– Jeśli spółce nie uda się utrzymać płynności finansowej na cały rok liczba kursów, ale też etatów może być zmniejszana – mówi wiceprezydenta Nowego Sącza Artur Bochenek. Wciąż niepewna jest przyszłość finansowa miejskiej spółki. Konieczne są oszczędności i nie pomaga fakt, że w budżecie na 2021 rok Rada Miejska ucięła przedsiębiorstwu ponad 4 miliony złotych dotacji.
– Zagrożenie się pojawi w ramach wyczerpujących się środków finansowych. Pewnie w ostatnich dwóch kwartałach bieżącego roku. W chwili obecnej jeszcze jakaś płynność finansowa jest zachowana, ale skoro było potrzebne 19 milionów na cały rok to kiedyś to niecałe 15 milionów się skończy i spółka MPK nie będzie miała pieniędzy, więc musi sobie rozłożyć ten budżet, którym aktualnie dysponuje w ten sposób, żeby utrzymać płynność finansową przez cały rok.
Jak dodaje Artur Bochenek, rozwiązaniem tej sytuacji mogłaby być zmiana uchwały budżetowej.
– Ruch leży po stronie prezydenta Ludomira Handzla – komentuje radny Michał Kądziołka z klubu Prawo i Sprawiedliwość-Wybieram Nowy Sącz. – Pewne obietnice wyborcze były źle wyliczone stąd teraz pojawił się ten problem – dodaje.
– Uchwały budżetowe, które podejmuje Rada Miejska są wielokrotnie zmieniane, więc na razie spółki MPK w żaden sposób nie jest zagrożony.
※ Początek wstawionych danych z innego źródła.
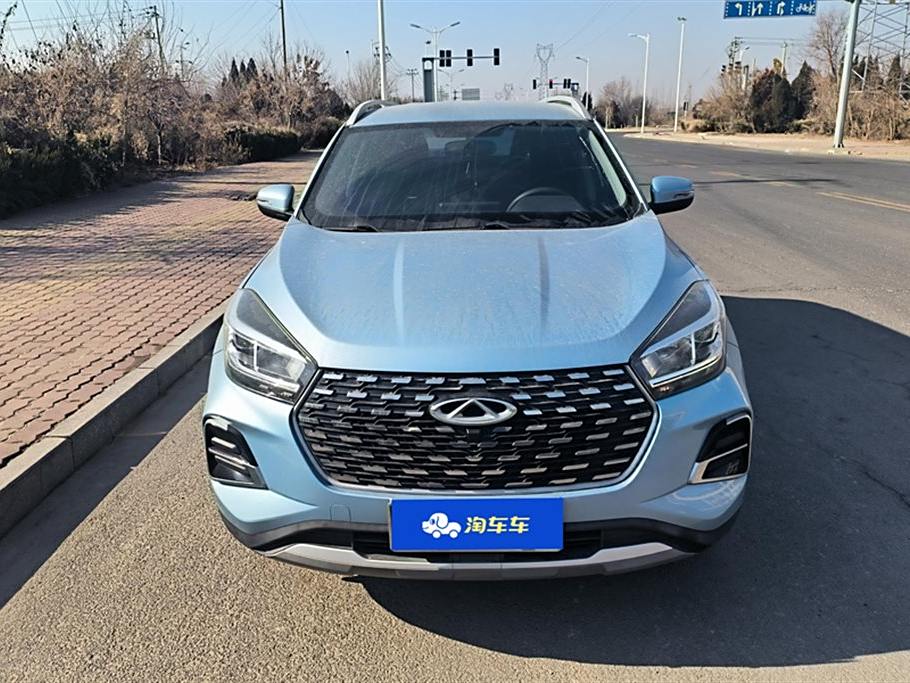 Chery Tiggo 5x 2020 1.5L Ручная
Natomiast rzeczywiście trzeba przeanalizować ewentualną propozycję prezydenta dotyczącą wolnych środków w budżecie, jeżeli oczywiście taka wpłynie i na to my jesteśmy otwarci. takie rozwiązanie proponujemy i jesteśmy gotowi do konsultacji.
Michał Kądziołka dodaje że jego klub nie zgodzi się na pewno na to, aby w ramach środków dla MPK likwidować dotację do wody dla nowosądeczan, bo jak mówi wolne środki z budżetu, które po pierwszych miesiącach tego roku pojawią się zapewne w kwocie kilku milionów złotych, w wystarczający sposób gwarantowałyby bezpieczny budżet dla spółki MPK.
Najbliższe miesiące pokażą czy samorządowcy z Nowego Sącza będą szukać kompromisu i czy któraś ze stron sporu będzie wnosiła o zmianę uchwały budżetowej w tej sprawie.